The revelation is part of a cache of ministerial briefings obtained by 7.30 under freedom of information laws that set out Mr Dutton's awarding of grants from within a multi-million-dollar fund earmarked to support crime prevention efforts.
The grant was not awarded through any open or competitive grant scheme, but was awarded on a one-off basis by Mr Dutton. It appears Mr Dutton has only awarded a handful of one-off grants since he became Home Affairs Minister.
Legal experts have told 7.30 that Mr Dutton's consideration of the grant funding after the association donated to the Queensland LNP may give rise to a perceived conflict of interest, which could be considered a breach of Prime Minister Scott Morrison's ministerial standards.

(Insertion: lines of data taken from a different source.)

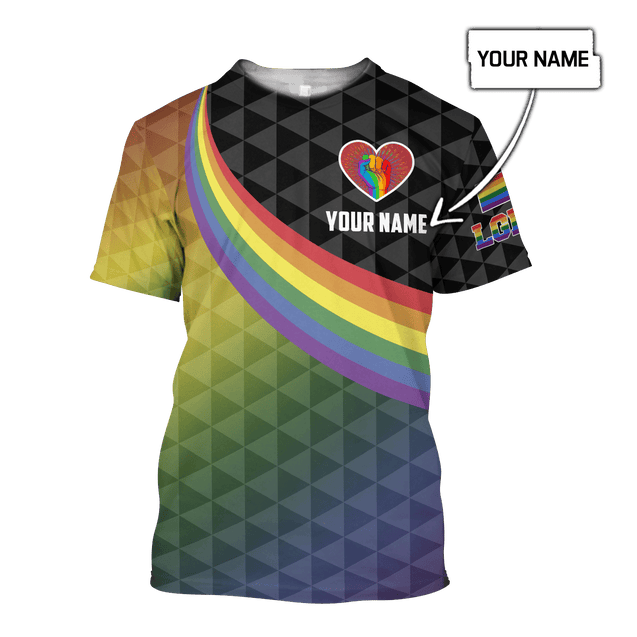 Customize Name LGBT Pride Hoodie For Men And Women DD08052105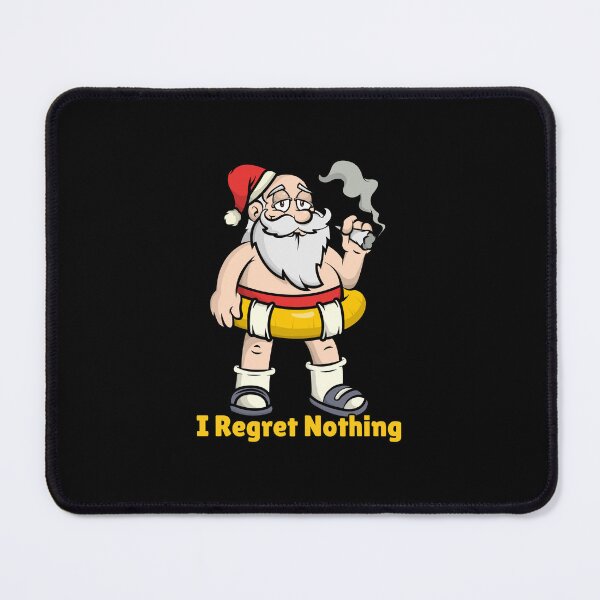 Item preview, Christmas Santa Saw It, I Regret Nothing designed and sold by Luminou-Lens.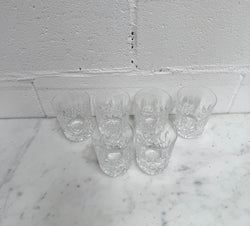 Vintage Set of Six Waterford Crystal Tumblers Lismore Pattern | Antique & Vintage | Moonee Ponds Antiques | Australia Wide Delivery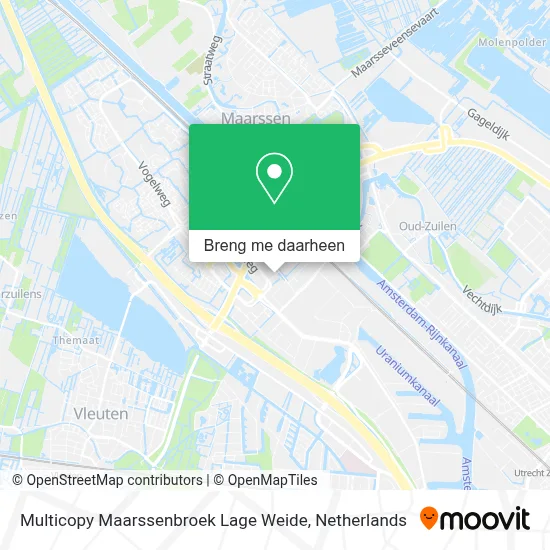 Multicopy Maarssenbroek Lage Weide kaart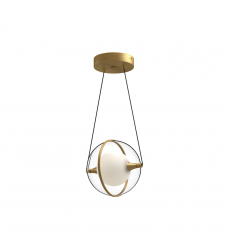 PD76708-BG-UNV-Aries 8-in Brushed Gold LED Pendant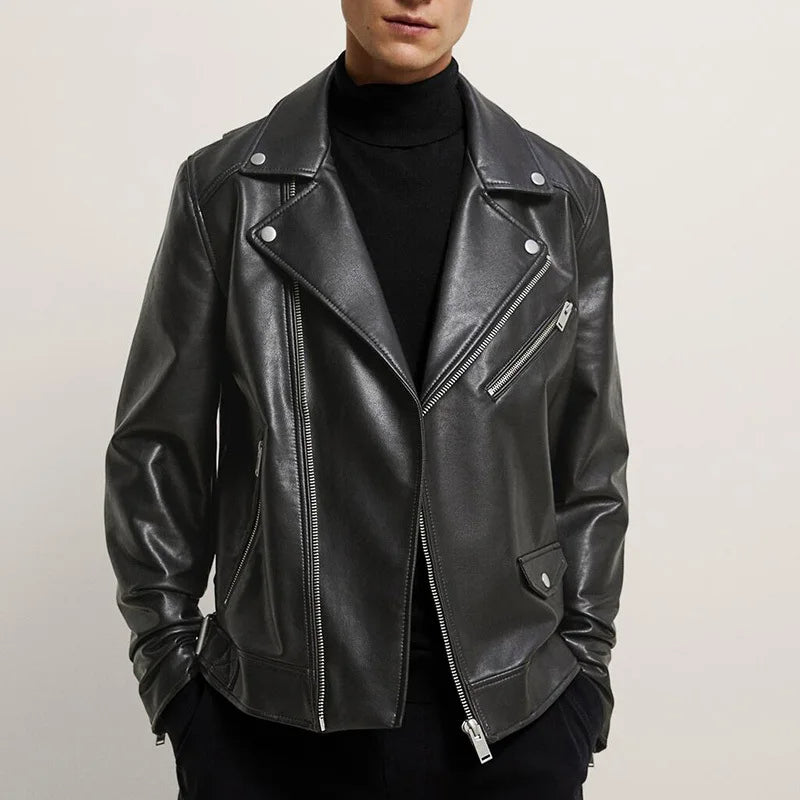 Román — Chaqueta Biker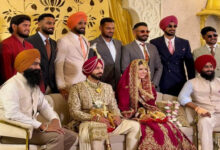 सुर्ख लाल जोड़े में दुल्हन बनीं एक्ट्रेस: गुरुद्वारे में क्रिकेटर संग गुपचुप रचाई शादी, बाराती बने Arshdeep Singh
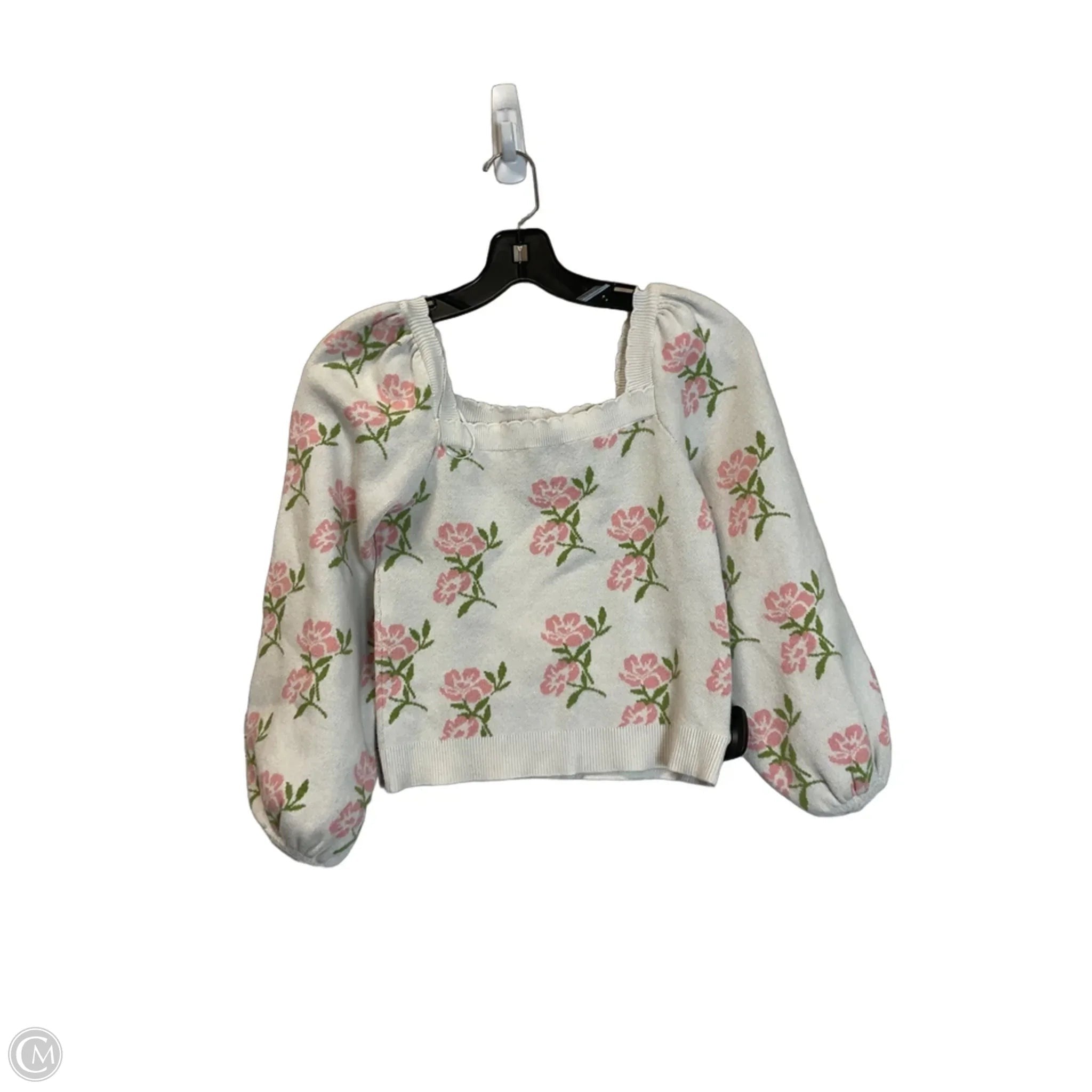 Sweater By Willow & Wind In Floral Print, Size: S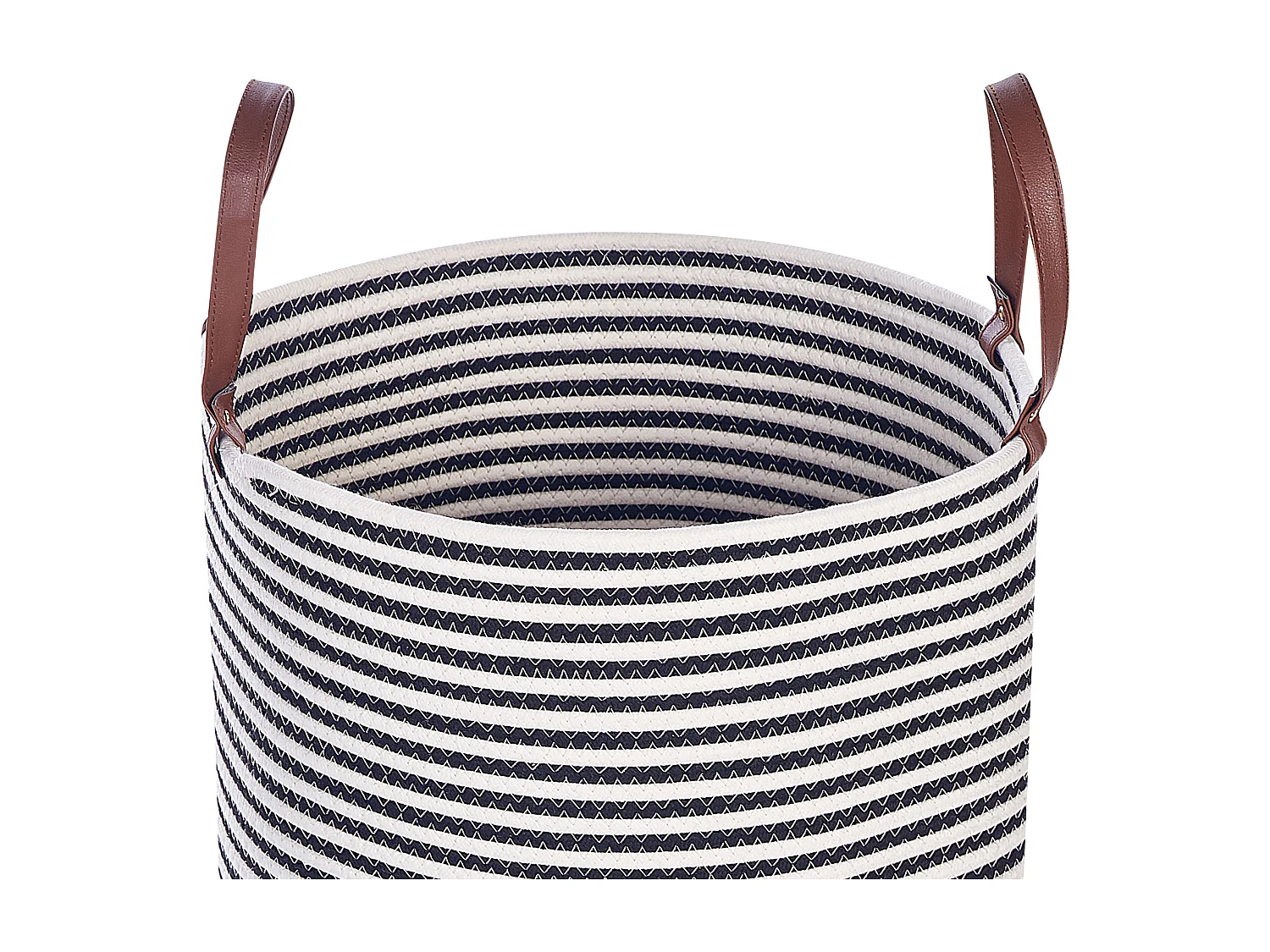 Panier ICHKA Coton Noir/blanc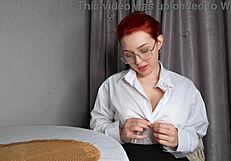 Did you fuck that bold teacher and cum on her glasses?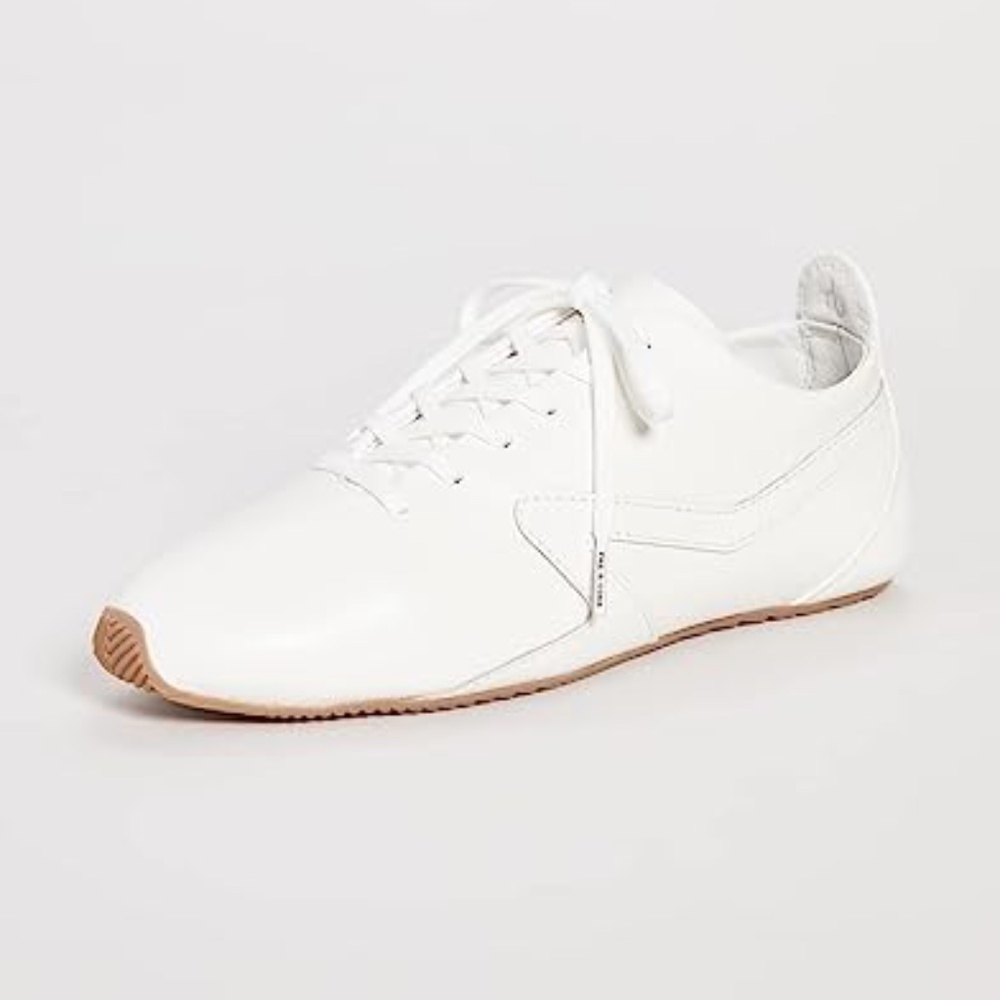 New RAG & BONE Slim Retro Runner Leather Sneaker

Those standards require ministers to "observe relevant standards of procedural fairness" and to "ensure that official decisions made by them as ministers are unaffected by bias or irrelevant consideration, such as consideration of private advantage or disadvantage".
"When the minister is exercising discretion to award a very large sum of money to a party, which only one week before had made a donation for his ultimate benefit, really there's obvious room to infer a conflict," Geoffrey Watson SC, a director of the Centre for Public Integrity, told 7.30.
"Without knowing what Mr Dutton was thinking … it just looks on the face of it as though there was a breach of the code.
"But of course, he may have a good explanation for that. He should give it."
Mr Dutton controls the approval of these one-off grants, the amount of funding awarded and any conditions attached to the grants.